My airbag light came on after I removed my 6 disc cd player in my 2006 jetta. Does anyone know how to reset this light? I tried disconnecting the battery with no success.
Also, any ideas on removing stuck Cds from the player?


----------



## Eric D (Feb 16, 1999)

*Re: 2006 jetta Airbag light on (eburg)*

You need to purchase a VAG-COM/VCDS scan tool or a VW specific hand held scan tool with can-bus support.
You can not disconnect the battery, must be done with a scan tool.
What you did was erase the readiness codes, throttle adaption and trans (automatic DSP).
http://www.ross-tech.com/index.html 
Hand held scan tools can be purchased off Ebay or on-line, but make sure it is specifically for a VW with CAN-BUS.
VAG-COM/VCDS is an industry standard among professionals and hobbyists. It does was the factory tools do and for thousands less.


----------



## eburg (Feb 4, 2009)

*Re: 2006 jetta Airbag light on (Eric D)*

So you are saying all I need to do is purchase the correct VAG com scanner and then erase the code correct?
There are a bunch of scanners for aorund $15 and then Ross has them for $250 or so. What is the difference?


----------



## Eric D (Feb 16, 1999)

*Re: 2006 jetta Airbag light on (eburg)*

$15 scanner cables, are obsolete and have no can-bus support.
They are opto-isolator based and have no support from Ross-Tech.
You would need to spend $100 on the software license and will not work on your model.
409.1 cables are not compatible with your Mk5 vehicle.
Should a problem arise with your cable, you won't get support from Ross-Tech, you'll have to deal with the vendor of the cable.

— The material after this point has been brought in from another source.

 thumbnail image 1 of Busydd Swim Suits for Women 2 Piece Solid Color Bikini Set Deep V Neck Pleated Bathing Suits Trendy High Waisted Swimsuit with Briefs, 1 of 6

http://forums.vwvortex.com/zerothread?id=1260842
If your on a budget a hand held scanner will work, as long as it is VW specific and has can-bus support.
These can be had for as little as $45 and price goes up for full feature models.
I have this hand held scanner and also Ross-Tech cables new and old.
It was easier to get the hand held tool than to use my tablet pc. That Fujitsu tablet screen got washed out with daylight. 
I have 2 other laptops with bright screens, so I still use the cables too.


----------